Politycznie o budżecie
Rada Warszawy będzie dziś dyskutować nad przyszłorocznym budżetem. Polityczna większość do przyjęcia tego najważniejszego w roku samorządowego dokumentu jest już zapewniona. Radni koalicji PO i SLD mają 35 głosów w 60-osobowej radzie.
Jedyny radny SdPl Bartosz Dominiak (do niedawna w klubie Lewicy) zadeklarował wczoraj sprzeciw. – Bo to jest mniejszy budżet, niż mógłby być. Prezydent nie zrobiła nic, by wzrosły wpływy z podatków od mieszkańców niezameldowanych w stolicy. Powinna też zabiegać u premiera o to, by Warszawa nie płaciła tak wysokiego janosikowego – ocenia. Z 12,5-miliardowego budżetu stolica odda w 2010 r. miliard na biedniejsze samorządy.

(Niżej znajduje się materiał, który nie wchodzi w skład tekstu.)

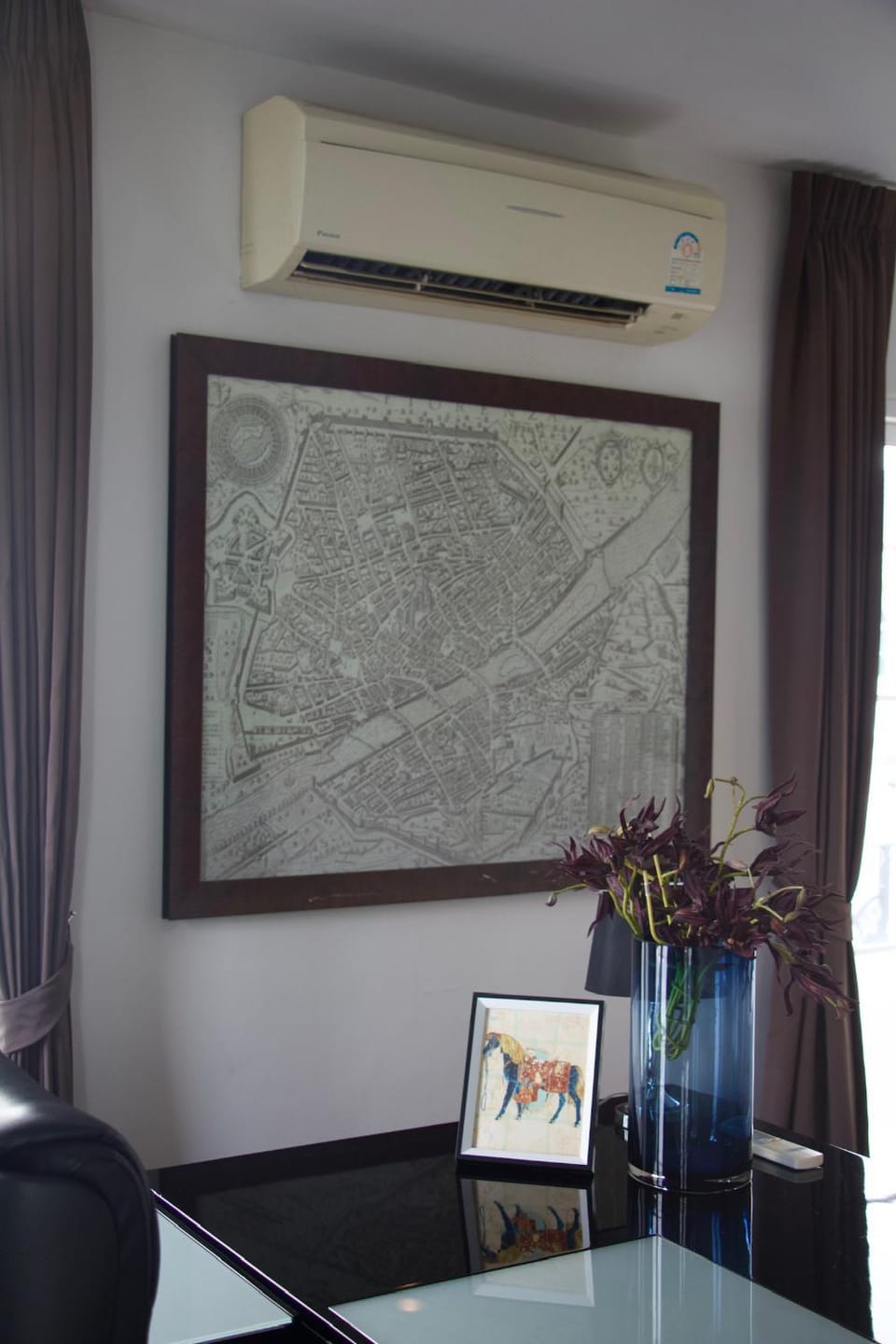 Decorative detail, air conditioner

Do zgłoszenia własnych poprawek szykuje się też opozycyjne PiS. Sztandarowa pozycja, o którą chce zabiegać, to obwodnica śródmiejska (wyrzucona z planu z powodu kryzysu). Nie ma jednak szans, by prezydent tę zmianę zaakceptowała.
Dzisiejsza sesja budżetowa będzie drugą w tym roku, na której pojawi się Hanna Gronkiewicz-Waltz. Na „zwykłe” obrady deleguje zastępców.